Most people would be able to relate to Anindya– a student completely detached from politics. He is another simple character carefully embedded in the complexities of life.
‘Manush Putul’, the film is an extension of the human race, the journey people go through. It shows us that we have no control over where destiny takes us. The songs in the film are right there at the right place…tugging at our hearts…allowing emotions to weep along with the soft caresses of melody. A hats off to the young director for being just twenty and having a wide vision of life. Little did I know that he would be such a down-to-earth person, before sitting over cups of coffee and discussing life, love, music and ‘Manush Putul’ with him.
Me: Tathagata Da, the use of animation in short films…well, I have seen quite a few and I can’t say I have come across one before. So, what made you use it in yours?
TG: The scenes shown in animation, well, I couldn’t have shot them…because the budget was a shoe-string budget. When I came across the idea of animation, I was unsure about it…how can I execute that? I gave it a try- 2D Animation. I was aware that no one had used animation this way in a short film. I wanted to tell the story in a different way…by using music and visuals only…If it was properly shot, I would have needed a bigger budget. I wanted to make the story more interesting…to explore something that has not been done before. It was a challenge to make serious animation. The experimentation is the key word here. Dipayan Saha successfully did it. The credit goes to him.

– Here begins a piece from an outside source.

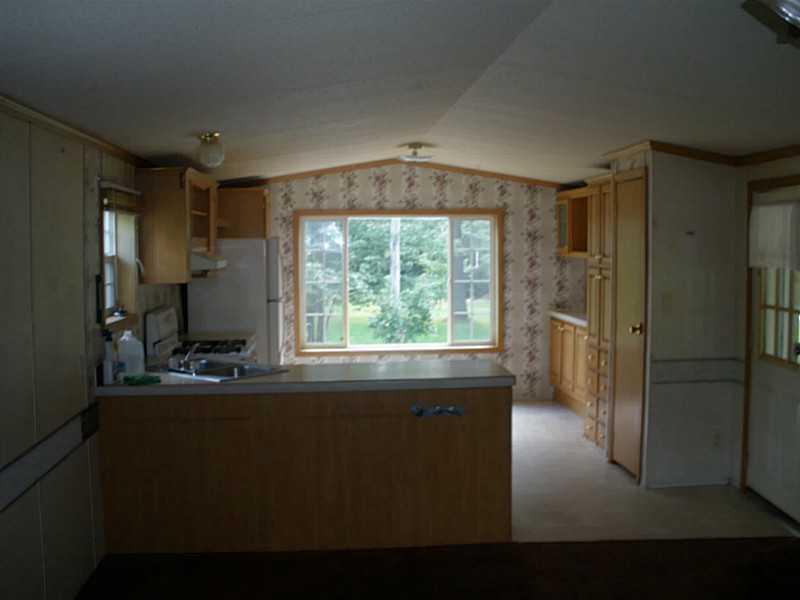 327 Howland Road Lagrange, ME 04453 - Photo 12 of 26 Living Room.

Me: The Kanamachi (a game where one person is blind folded and has to catch the others) scene is remarkable in its own way. Would you like to shed some light on it?

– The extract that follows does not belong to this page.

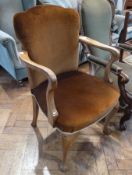A walnut open armchair, with brown upholstered back and seat, on cabriole supports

TG: Our dreams are always haphazard. It is like a mosaic of feelings or random thoughts. It doesn’t come in a well clustered sequential manner like reality. Bhaskar babu’s dream is exactly like that. It seems like he is blindfolded amidst the crowd of the city with his bag- lost and all he can feel is the presence of those two(Sulagna and Ujjal babu). Then all of a sudden, the reality (The train being the metaphor here) seems to leave him behind. He is helpless. This is when he wakes up.
Me: It is a black and white film. So, why the addition of colour right at the end?
TG(smiles): Well, it was not decided that it would be a black and white film. That was decided after a while.
In the end, began a new chapter in Sulagna as well as Bhaskar babu’s life. If you notice the sound design carefully, the film started with the honking of a rickshaw. It ended on the same note with Bhaskar babu leaving and the similar honking of a rickshaw. This is obviously a symbolization- I wanted to achieve a closure.
A junction point is definitely the bag of dolls, which is why, it is highlighted. It is a symbol of Hope. THIS is similar to ‘Meghe Dhaka Tara’ by Kamaleswar Mukherjee. So, we decided to use black and white throughout and colour at the end. The bag of dolls was a medium of earning, a bag of hope and it represents the beginning of a new era in Sulagna’s life. This was more of a perspective. That was it.
‘Manush Putul’ has been executed flawlessly in all ways. It is a simple story which makes you question everyday life…your own being…It makes you seek deep into yourself and ask- Are we independent humans or are we mere puppets controlled by the imaginary Other?